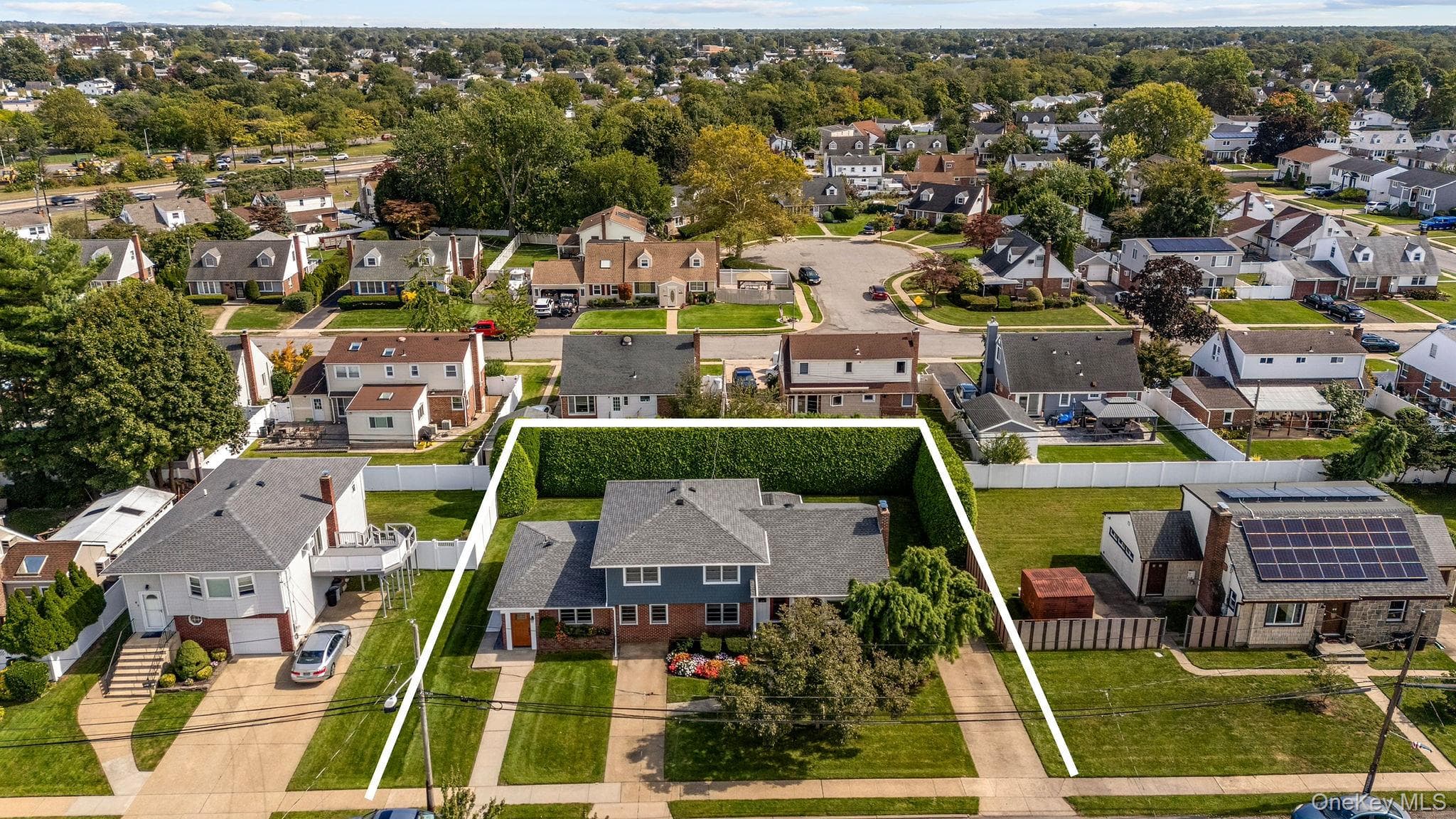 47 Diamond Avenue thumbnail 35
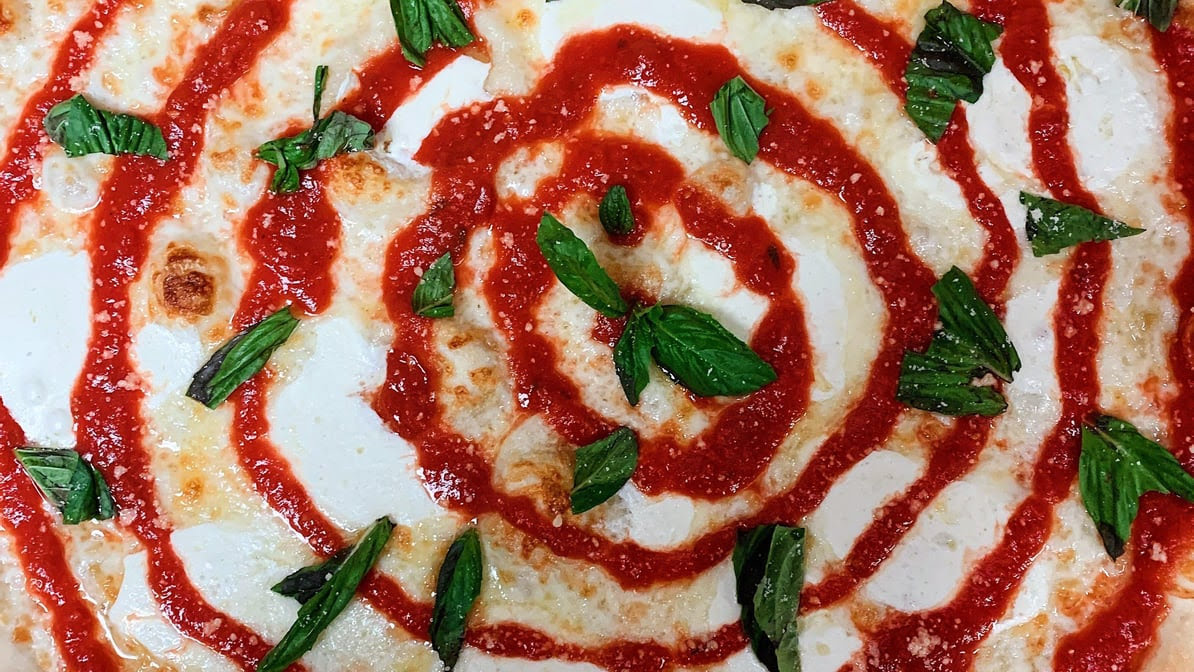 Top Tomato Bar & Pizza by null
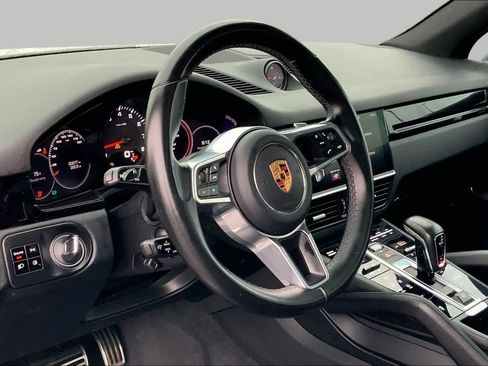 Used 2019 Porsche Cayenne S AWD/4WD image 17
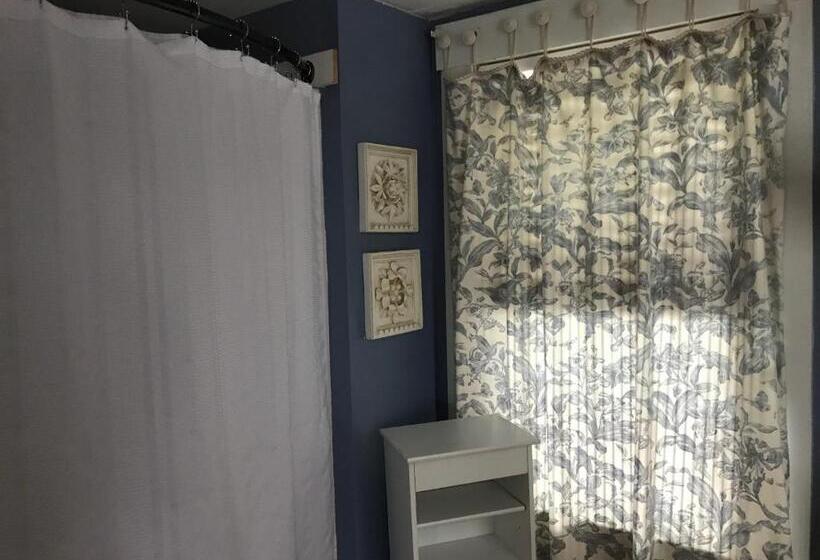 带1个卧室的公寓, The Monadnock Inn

### ASSIGNMENT
Every line of the data should be transcribed exactly. Omit the images.

### WRITTEN SOLUTION
 47 Diamond Avenue thumbnail 35
 Top Tomato Bar & Pizza by null
 Used 2019 Porsche Cayenne S AWD/4WD image 17
 带1个卧室的公寓, The Monadnock Inn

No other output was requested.